*** Block opens ***
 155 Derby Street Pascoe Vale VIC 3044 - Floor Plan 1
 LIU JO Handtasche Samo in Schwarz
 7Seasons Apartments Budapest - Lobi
*** Block closes ***
◆ Directions
Print each line of the data exactly. Keep all of it.

◆ Answer space
 155 Derby Street Pascoe Vale VIC 3044 - Floor Plan 1
 LIU JO Handtasche Samo in Schwarz
 7Seasons Apartments Budapest - Lobi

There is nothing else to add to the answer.